=== EXCERPTED RECORDS ===
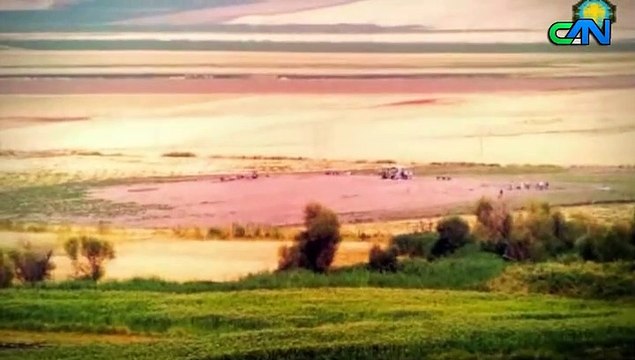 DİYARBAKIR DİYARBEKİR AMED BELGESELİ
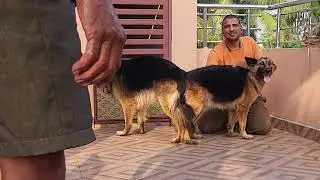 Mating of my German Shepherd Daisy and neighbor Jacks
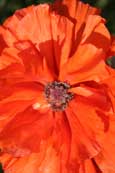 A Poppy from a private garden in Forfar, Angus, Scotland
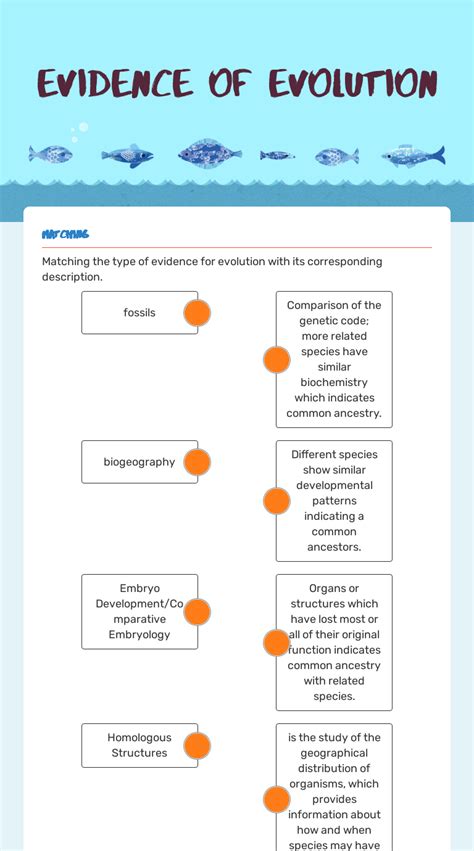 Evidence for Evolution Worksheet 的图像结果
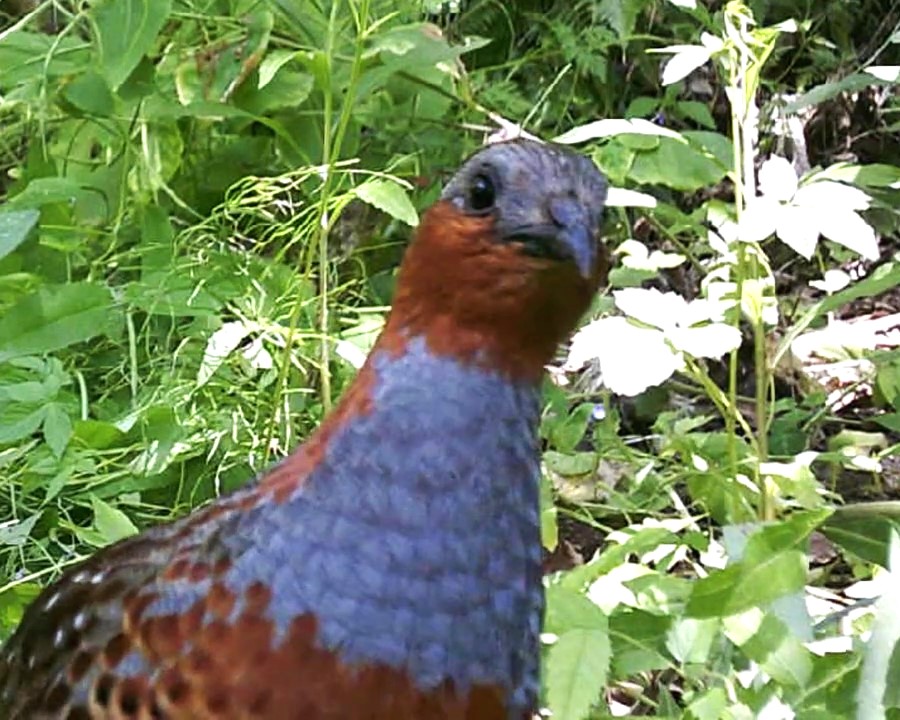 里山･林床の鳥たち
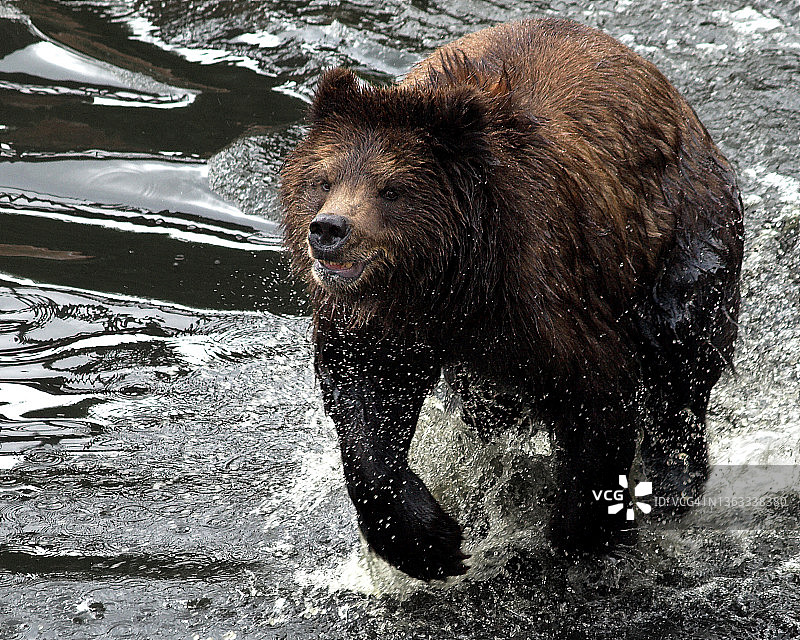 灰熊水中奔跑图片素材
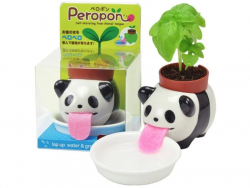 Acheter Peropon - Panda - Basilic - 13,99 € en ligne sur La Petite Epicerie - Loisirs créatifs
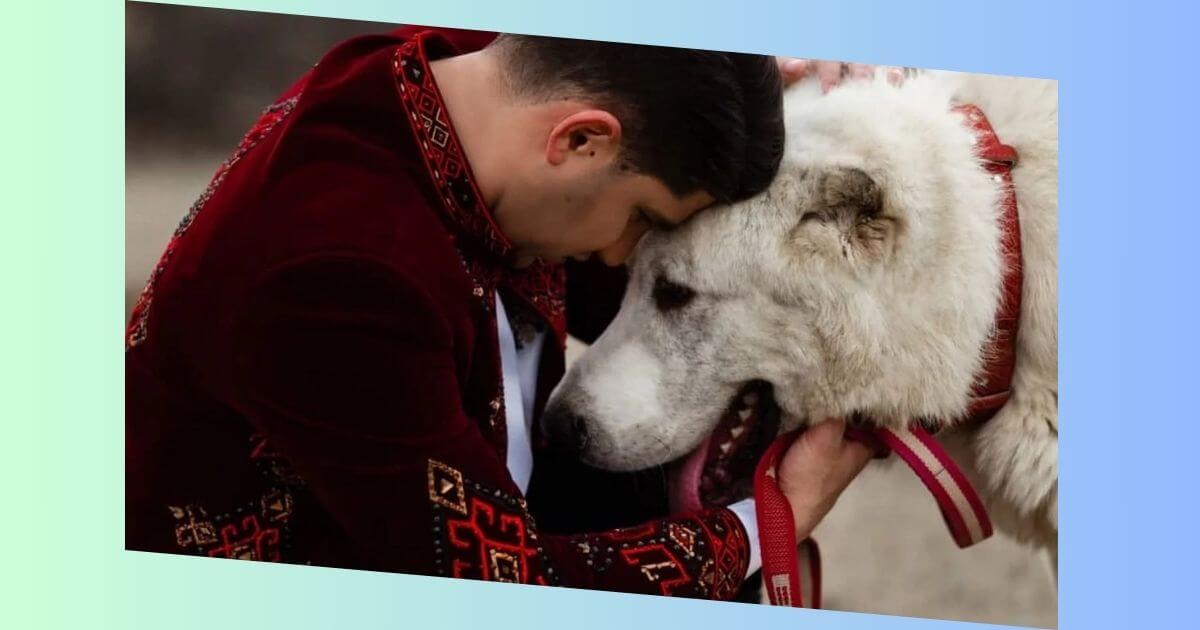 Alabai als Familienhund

=== WHAT TO PRODUCE ===
Reproduce the entries above exactly, without images.

=== RESULT OF THIS TASK ===
 DİYARBAKIR DİYARBEKİR AMED BELGESELİ
 Mating of my German Shepherd Daisy and neighbor Jacks
 A Poppy from a private garden in Forfar, Angus, Scotland
 Evidence for Evolution Worksheet 的图像结果
 里山･林床の鳥たち
 灰熊水中奔跑图片素材
 Acheter Peropon - Panda - Basilic - 13,99 € en ligne sur La Petite Epicerie - Loisirs créatifs
 Alabai als Familienhund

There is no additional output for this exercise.